## DATA SUPPLIED:
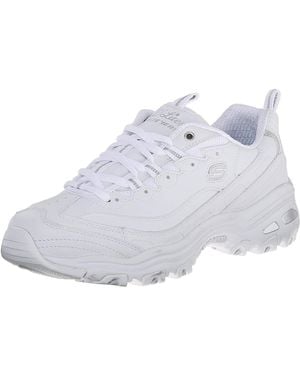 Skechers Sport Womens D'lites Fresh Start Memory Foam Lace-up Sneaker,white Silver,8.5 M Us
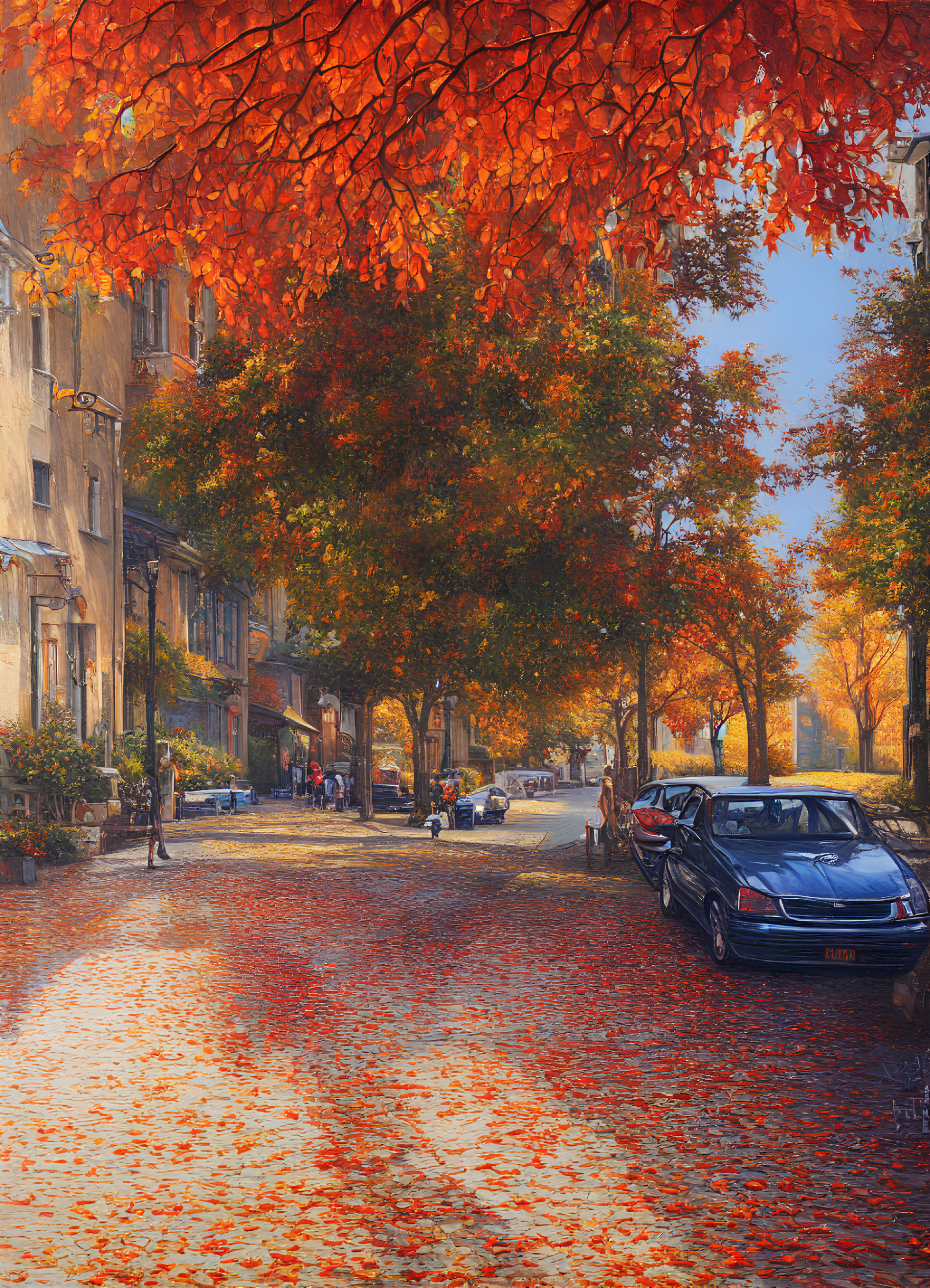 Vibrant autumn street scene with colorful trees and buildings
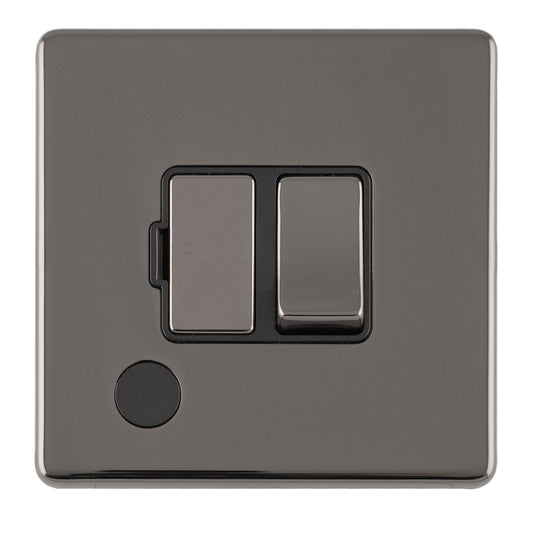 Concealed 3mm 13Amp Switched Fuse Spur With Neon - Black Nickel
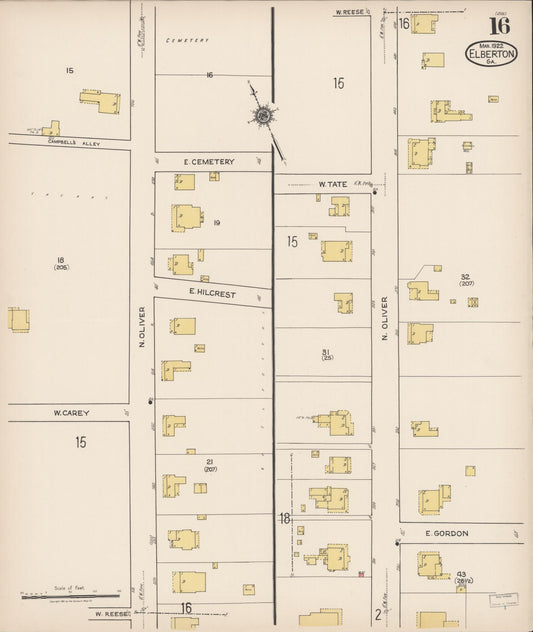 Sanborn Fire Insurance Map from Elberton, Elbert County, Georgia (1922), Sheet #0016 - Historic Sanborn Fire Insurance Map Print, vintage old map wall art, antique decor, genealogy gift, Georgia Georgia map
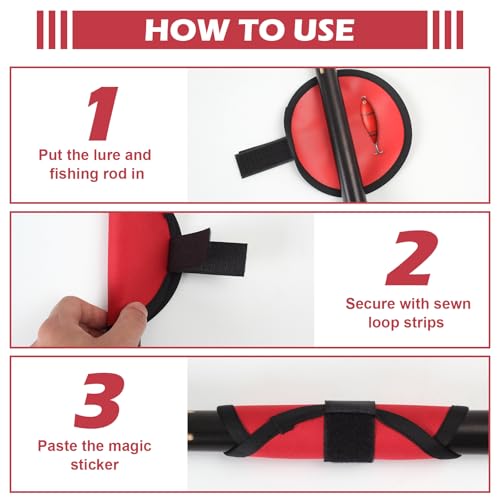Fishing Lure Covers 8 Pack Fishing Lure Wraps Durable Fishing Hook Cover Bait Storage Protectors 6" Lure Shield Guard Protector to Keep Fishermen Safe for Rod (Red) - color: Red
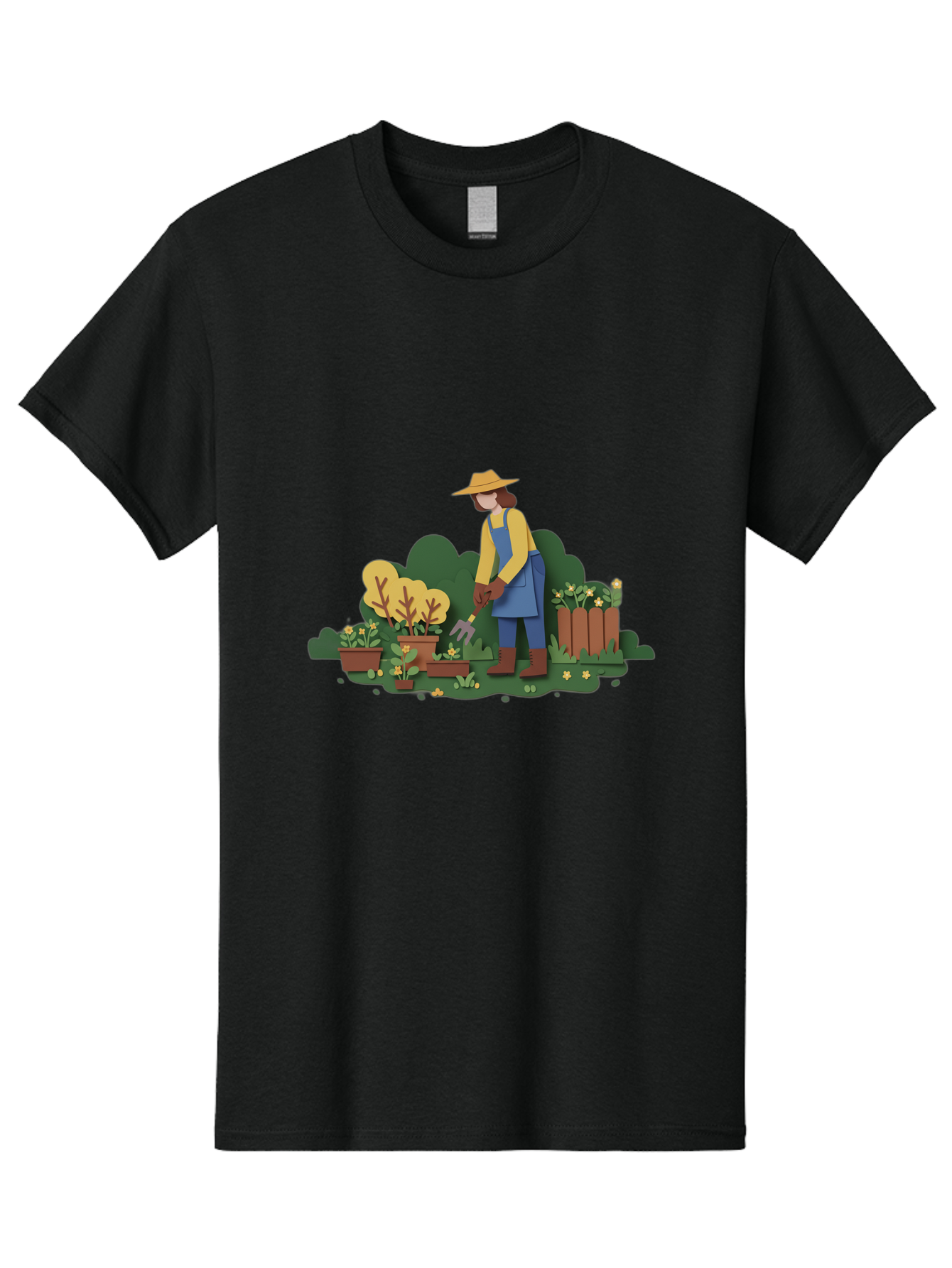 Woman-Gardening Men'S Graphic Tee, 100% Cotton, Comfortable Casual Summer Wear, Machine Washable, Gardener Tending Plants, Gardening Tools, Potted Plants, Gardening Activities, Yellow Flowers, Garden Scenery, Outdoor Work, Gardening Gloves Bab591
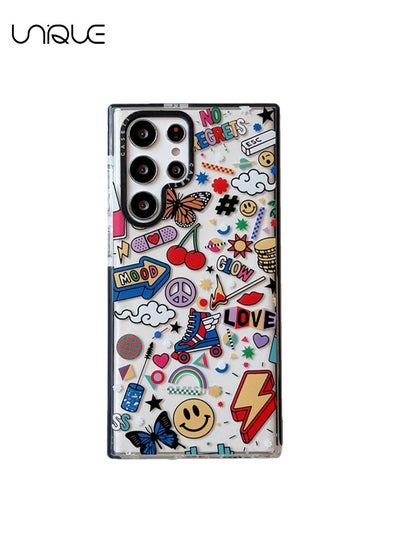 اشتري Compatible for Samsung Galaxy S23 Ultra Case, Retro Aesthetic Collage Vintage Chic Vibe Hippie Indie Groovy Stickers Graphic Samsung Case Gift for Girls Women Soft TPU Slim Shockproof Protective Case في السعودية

...

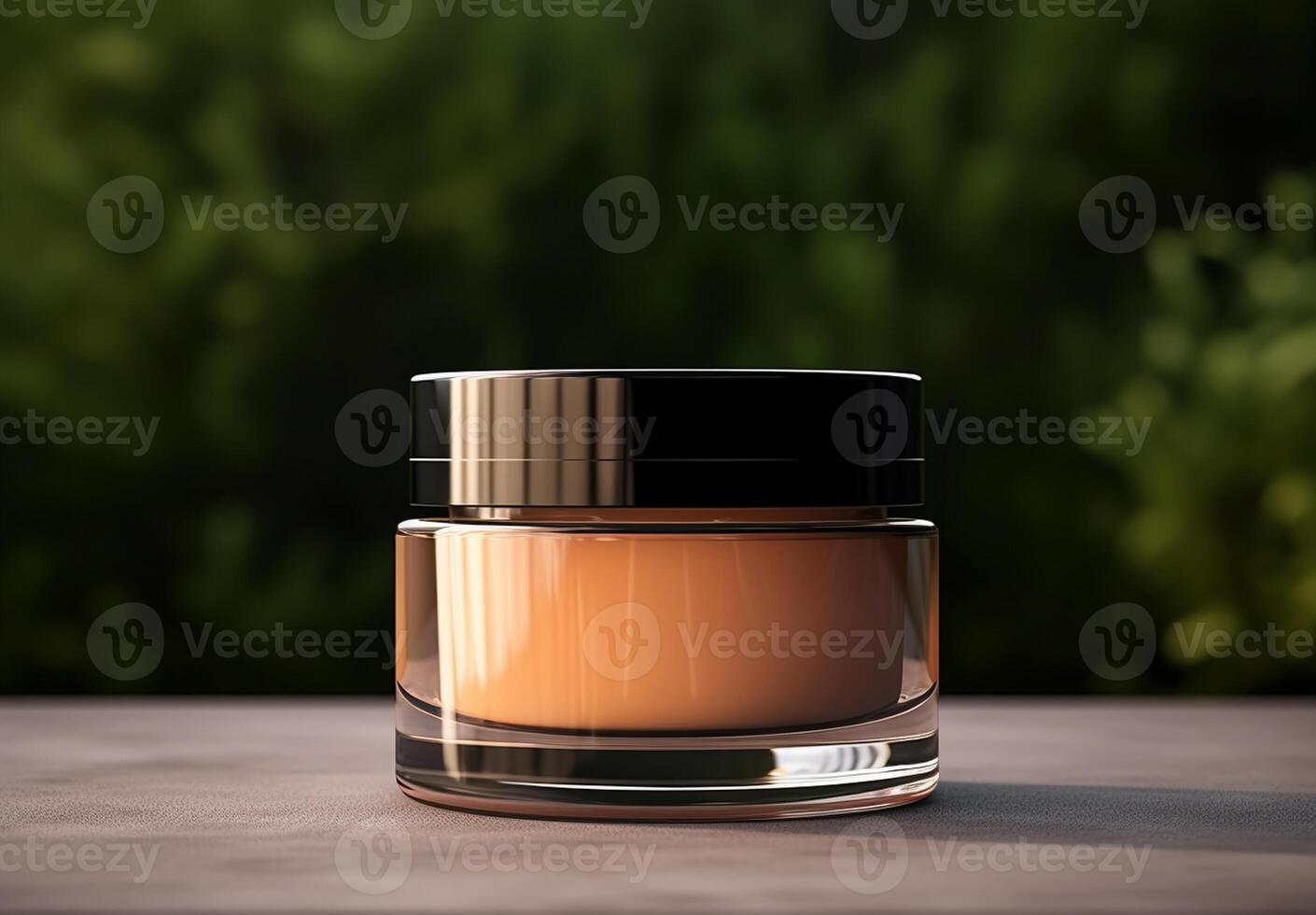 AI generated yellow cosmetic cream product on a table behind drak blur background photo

==

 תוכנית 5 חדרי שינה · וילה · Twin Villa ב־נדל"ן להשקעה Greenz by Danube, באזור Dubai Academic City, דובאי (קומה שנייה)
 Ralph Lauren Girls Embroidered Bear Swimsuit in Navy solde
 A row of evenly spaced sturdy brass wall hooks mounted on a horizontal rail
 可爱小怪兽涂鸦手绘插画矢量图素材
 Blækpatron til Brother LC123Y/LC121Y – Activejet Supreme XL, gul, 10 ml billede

## INSTRUCTIONS TO FOLLOW:
Could you repeat exactly the lines in the listing above from the one with "Ralph Lauren Girls" down to the one with "Blækpatron til Brother"? Include both of those lines.

## ANSWER TO THIS EXERCISE:
 Ralph Lauren Girls Embroidered Bear Swimsuit in Navy solde
 A row of evenly spaced sturdy brass wall hooks mounted on a horizontal rail
 可爱小怪兽涂鸦手绘插画矢量图素材
 Blækpatron til Brother LC123Y/LC121Y – Activejet Supreme XL, gul, 10 ml billede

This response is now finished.